Connection: Encourage interaction through group work, discussion forums, or mentorship.
Flexibility: Design with life responsibilities in mind—multiple paths to participation and success.
These elements help learners cross the threshold from “outsider” to “insider,” evolving from questioning their role in higher education to fully embracing it.
UDL 3.0: Designing for Inclusion and Belonging
Universal Design for Learning offers a framework for inclusive online course design. The latest iteration, UDL 3.0, centers identity, belonging, and engagement more explicitly than ever (CAST, 2024). It urges instructors to create spaces where students feel welcomed and recognized, not just accommodated.
How UDL Supports Adult Learners in Liminal Spaces
Engagement: Make content relevant with real-world examples, reflection exercises, and collaborative activities.
Representation: Use varied media—text, video, podcasts, interactive tools—and include voices that reflect learners’ identities.
Action & Expression: Offer multiple ways to demonstrate understanding with flexible formats, low-stakes practice, and accommodations for life’s demands.

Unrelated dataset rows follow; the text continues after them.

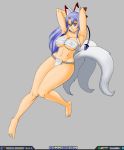  2018 animal_humanoid breasts clothed clothing digital_media_(artwork) female fox_humanoid fur grey_background hair humanoid long_hair looking_at_viewer mammal nipple_bulge signature simple_background solo urielmanx7 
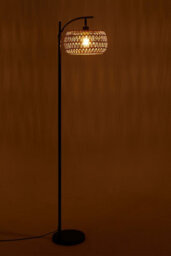Thehotsale 60W 230V Height Adjustable Rattan Lampshade E27 Floor Lamp With Foot Switch - thumbnail 2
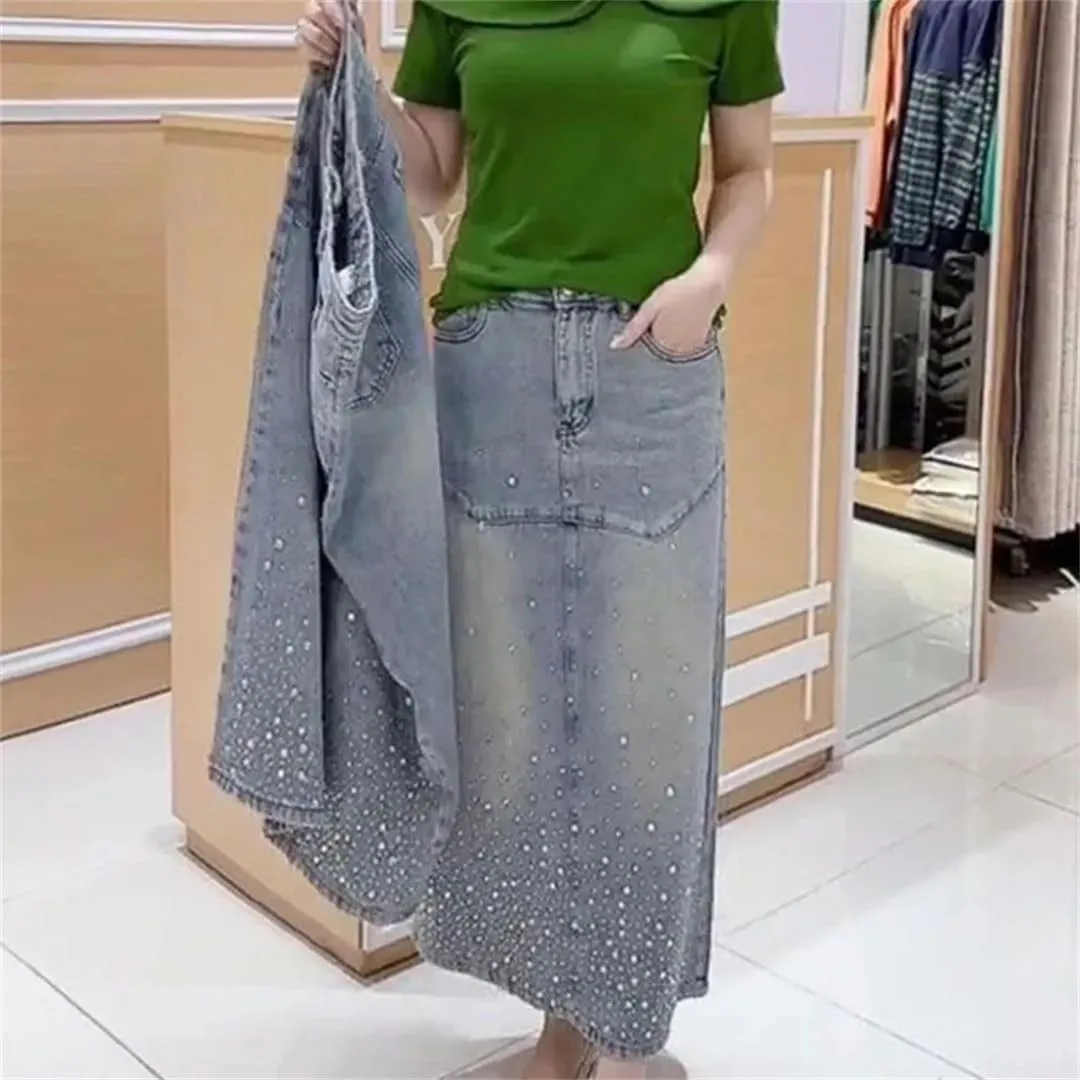 Womens Spring High-Waisted Fashion Open Fork Denim Skirt Casual Straight Half Skirt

When courses reflect these principles, adult learners gain the confidence to move through uncertainty and emerge with a stronger academic identity.
Conclusion
Liminal spaces—the uncertain, transitional moments in adult learning—can be both challenging and transformative. While some learners struggle with identity shifts, imposter syndrome, or social isolation, institutions that prioritize belonging and inclusive design can help them navigate these transitions successfully.
Higher education can foster a sense of belonging and empowerment for adult learners by integrating UDL 3.0 principles into course design and student support services. Welcoming students, valuing their diverse experiences, and establishing supportive learning environments are essential to addressing students’ unique needs and ensuring their success.
References
CAST (2024). UDL Guidelines 3.0: Universal Design for Learning.
De Abreu, K. (2023, August 7). Extreme coming of age rituals. ExplorersWeb. Link
Johnson, K. (2022). Beginning, Becoming and Belonging: Using Liminal Spaces to Explore How Part-Time Adult Learners Negotiate Emergent Identities. Widening Participation and Lifelong Learning, 24(2).
Maksimović, M. (2023). Insights from Liminality: Navigating the Space of Transition and Learning. Sisyphus–Journal of Education, 11(1).
Mezirow, J. (1991). Transformative dimensions of adult learning. Jossey-Bass.
Turner, V. (1969). The ritual process: Structure and anti-structure. Cornell University Press.
Strayhorn, T. L. (2019). College Students’ Sense of Belonging: A Key to Educational Success for All Students (2nd ed.). Routledge.